María me cuenta eso mientras preparo la cámara. Sonríe, y tomo la fotografía. No dice nada pero sé que en el fondo se siente tranquila. Algo está cerrado. No volverá a pensar en la plaza, en la araucaria, en la necesidad de esa fotografía.

También soy fotografiado. Y el Mapocho, y los pedazos de los cerros nevados entre los edificios. Una muchacha que viene patinando por la calle se desparrama. Dudamos en ayudarla a levantarse. Hace un gesto de dolor y enseguida otro de dejen todo en mis manos. Se levanta. Seguimos por los senderos. Unas veces por el del río, como recomiendan los carteles para dejar el de la calle a las bicicletas. Otras veces junto a la calle. Le comento lo verde que veo a Santiago. Hablamos de las lluvias que llegaron tarde este año.

Mientras caminábamos por Providencia fuimos testigos de una fila de treinta o cuarenta camionetas lujosas adornadas con globos verdes y blancos. Los conductores hacían sonar las bocinas. Una niña saludaba desde la caja de una de las camionetas con lentos movimientos de brazo, como una reina del carnaval. Las camionetas llevaban unos carteles donde se leía: Un pulmón para Cris. A unas pocas cuadras otra manifestación, pero esta a pie. Los globos eran de otros colores. El reclamo: un subsidio económico para las madres de los hijos que padecen enfermedades de gravedad.

No fue sencillo encontrar un Café abierto un domingo de mañana. Me detuve en un cartel donde, paradójicamente, el lomo a lo pobre era lo más caro del menú. María Paz confesaba no recordar haberse levantado tan temprano un domingo, al menos en los últimos treinta años.

Me pareció que entre una cosa y otra confesaba que la raíz de ese miedo que le tiene a los extraterrestres está en una abducción parcial que sufrió en su infancia. El plato volador se posó sobre su cabeza iluminando la copa de los pinos y las araucarias. Empezó a tironearla pero ella consiguió moverse, bufando, apretando los dientes. De ahí su estatura característica. Fue en el parque, junto a la araucaria. Eso no me lo dijo, pero estoy convencido. El lugar de esa fotografía que demoró tanto tiempo.

Bajamos por la boca del subte Montt. Nos despedimos con un abrazo y esperamos cada uno a un lado de la vía. Mi tren vino primero. Subieron tres muchachos: contrabajo, guitarra y saxofón. Abrieron con La pantera rosa, de Mancini.
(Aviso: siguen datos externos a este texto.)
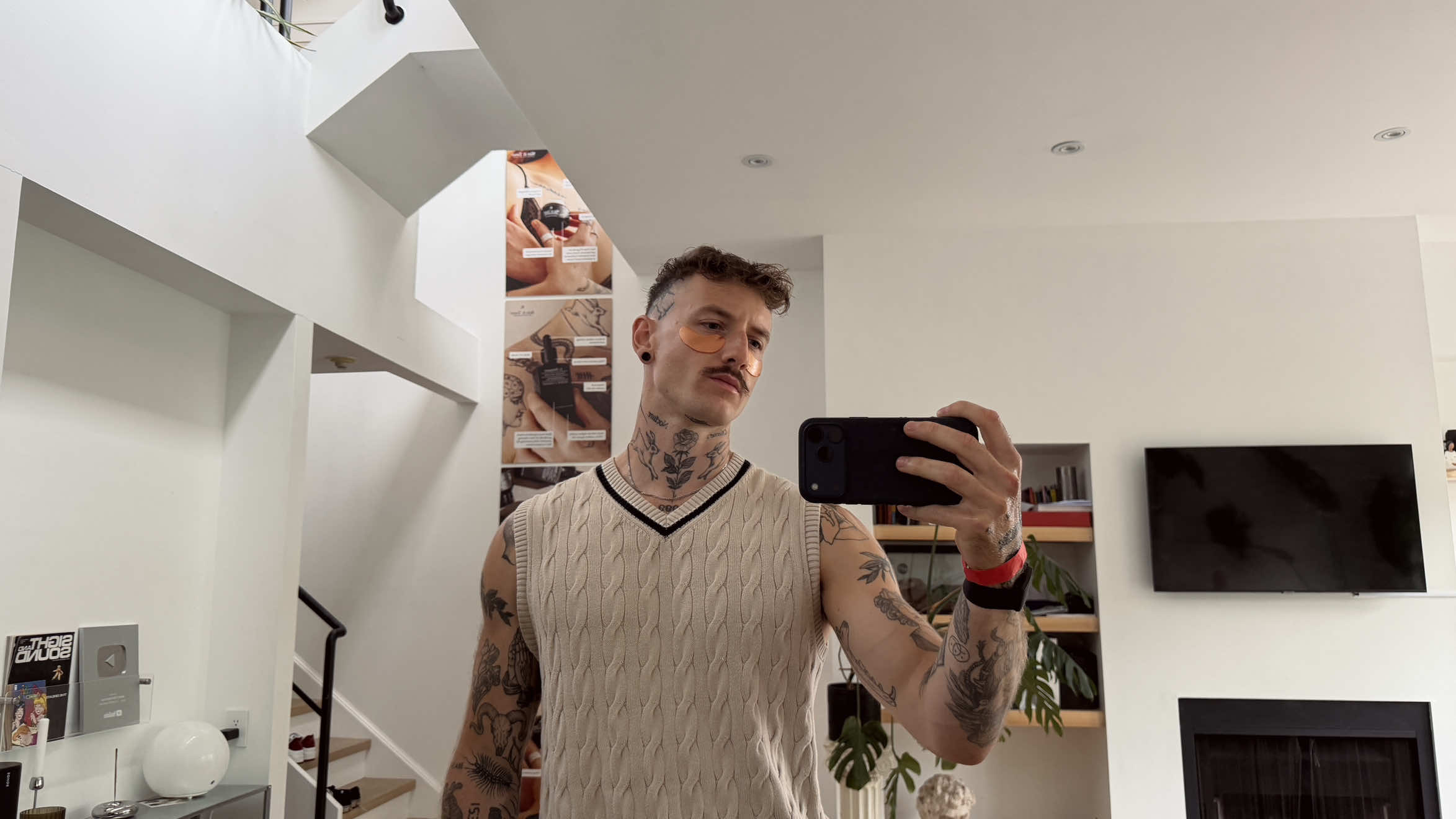 @Martinthefrenchguy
Violeta Parra al medio, y una canción gitana para cerrar que me fui silbando por la Alameda, un lugar que cada vez se volvía más familiar.

 

Horacio Cavallo

Horacio Cavallo (Montevideo, 1977) se caracteriza por tocar todos los palos de la literatura. Ha publicado novelas como Oso de trapo o Frabril, libros de cuentos como el titulado El silencio de los pájaros, literatura infantil en textos como El jorobado de las alas enormes y, cómo no, poemarios entre los que destacan El revés asombrado de la ocarina o Descendencia.
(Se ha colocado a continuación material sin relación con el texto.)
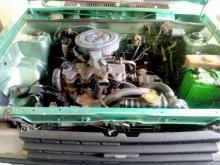 https://riyasewana.com/uploads/nissan-b11-41403456106.jpg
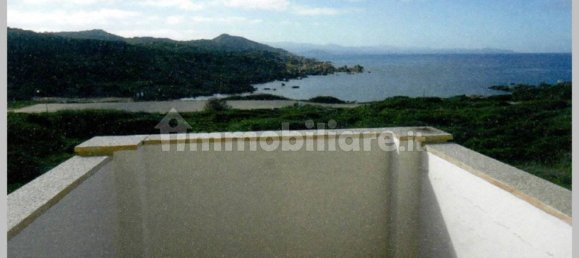 2 bedrooms Apartment in Santa Teresa Gallura, Italy No. 317617 35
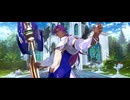 【FGO】ペーパームーン36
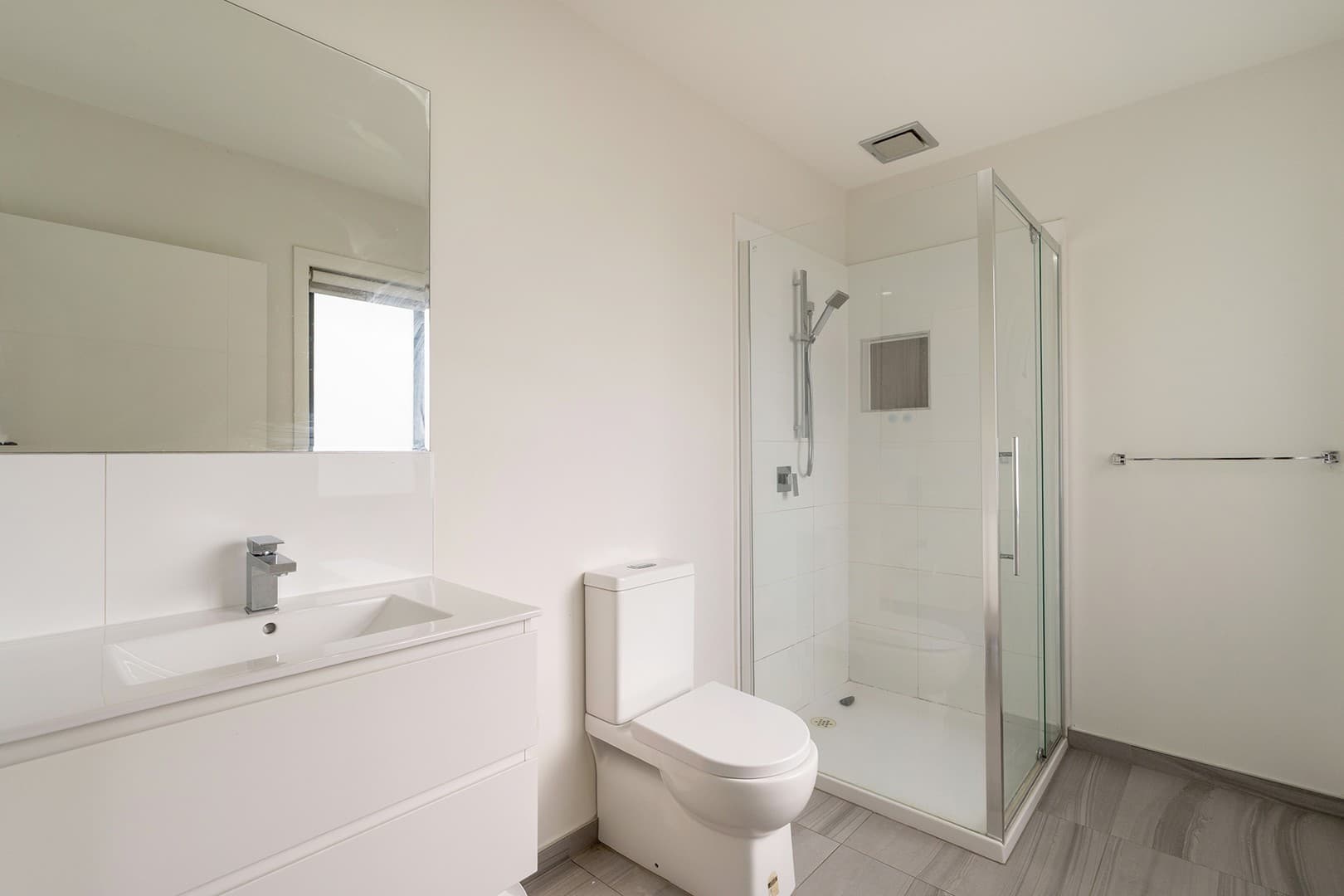 2A Divan Place, Craigieburn, VIC 3064, Craigieburn - Thumbnail 7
Periplo es una sección dedicada a los diarios, crónicas, memorias relacionadas con viajes. La escritura, y la lectura, son de por sí viajes. No puede ser visto como algo  casual que la literatura pueda ser directamente metaforizada como un viaje. O que el viaje pueda ser interpretado como literatura. En el mundo actual, pese a los flujos constantes de información y lo voluble del presente virtual somos más sedentarios que nunca, y el viaje se ha investido como nunca de un aura lírica muy diferente a la de los tintes de aventura de todo trayecto en el pasado. Periplo puede albergar una vuelta alrededor del mundo o una vuelta alrededor de un cuarto. Pero, ya sea un viaje en metro o uno en avión, el lector se desplaza junto al autor línea tras línea del texto.